Senior Research Affiliate

Leonardo Baccini’s research focuses on trade, international organizations, and the political economy of security. For instance, in a recent paper with Francesco Amodio (McGill University) and Di Maio (University of Naples, Parthenope), he explores the effect of trade restrictions on political violence in the West Bank. In a follow-up project, he explores the effect of North-South trade liberalization on internal conflict in developing countries.

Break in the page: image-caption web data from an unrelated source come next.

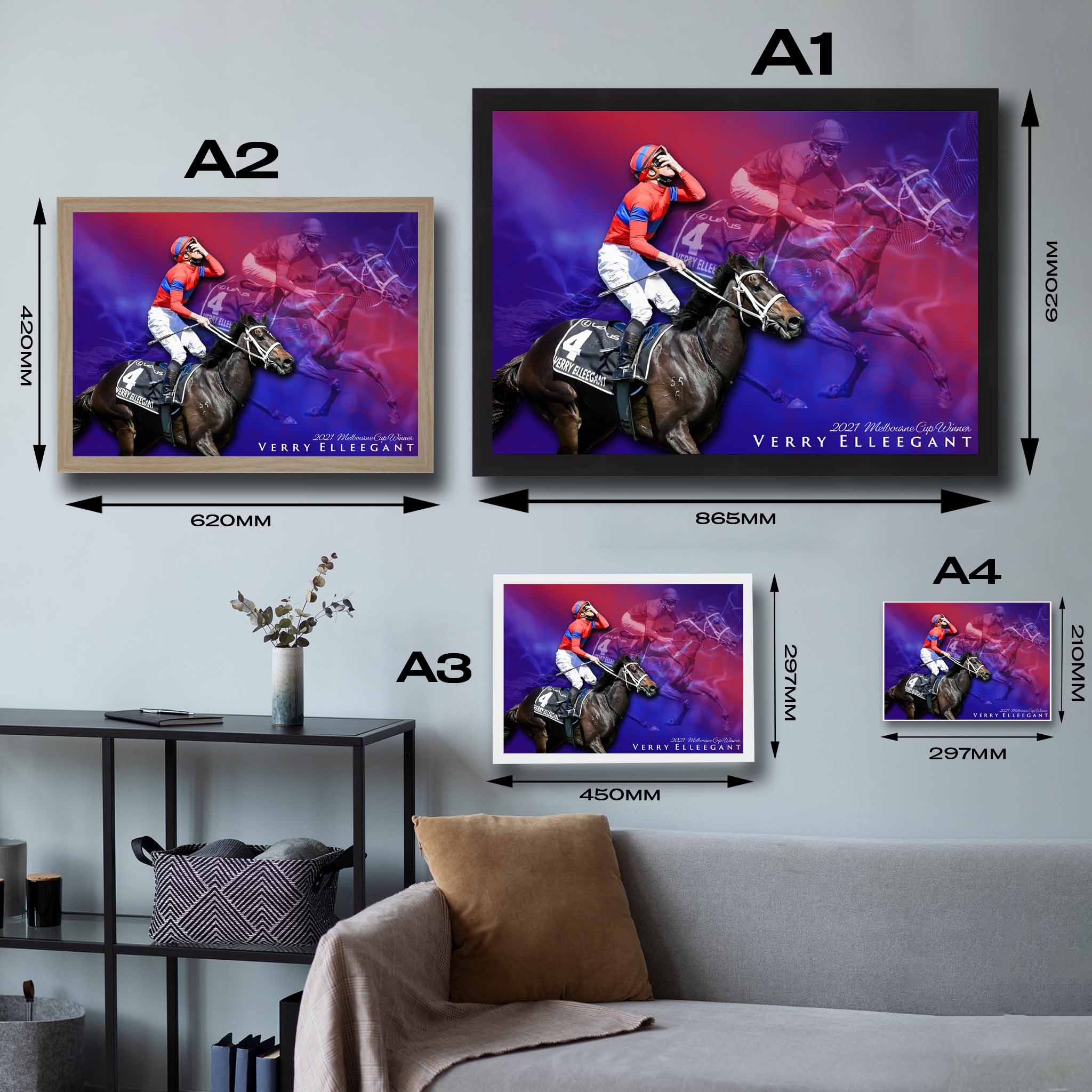 Visual representation of Verry Elleegant framed art size options, ranging from A4 to A2, for selecting the right size for your space.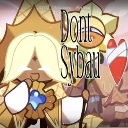 A light-colored cookie character with long hair and a gentle expression stands behind text that reads Dont Syban.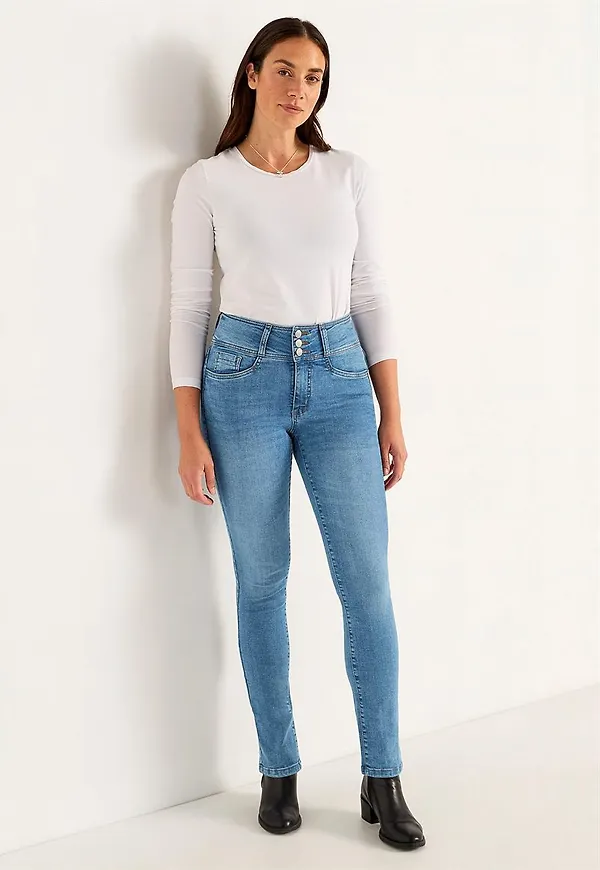 Raka jeans med hög midja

Two of his ongoing projects focus specifically on terrorism. In the first project, he explores the effect of terrorism on voting behavior. While there is a large literature on the effects of terrorism on political behavior, empirical results are contradictory. These conflicting findings are often a product of the difficulty in assessing the effect of terrorism on electoral outcomes due to selection bias. He addresses these challenges by collecting an exhaustive list of terror attacks in OECD countries from 1970 to 2013 and directly compare the effects of successful terror attacks with those of failed attacks. The identification assumption is that, conditional on being a location targeted by a terror attack, the success or failure of the attack is plausibly exogenous. The results show that after a terrorist attack incumbent left-wing candidates face a 10% drop in votes.

In a second project Baccini is collaborating with Abel Brodeur (University of Ottawa) and their plan is to explore whether poverty causes terrorism. To do so, they aim to collect data on a large number of homegrown terrorists in North America. The goal is to test whether the likelihood of becoming a terrorist in North America is related to the local economic environment where an individual grows up or graduates high school. To collect the data they will rely on automated and manual data collection strategies. This dataset will allow them to test whether local unemployment rates at birth and at the time of graduation are related to the likelihood of becoming a terrorist. To our knowledge, they would be the first to provide this detailed micro-analysis of the causes of radicalization.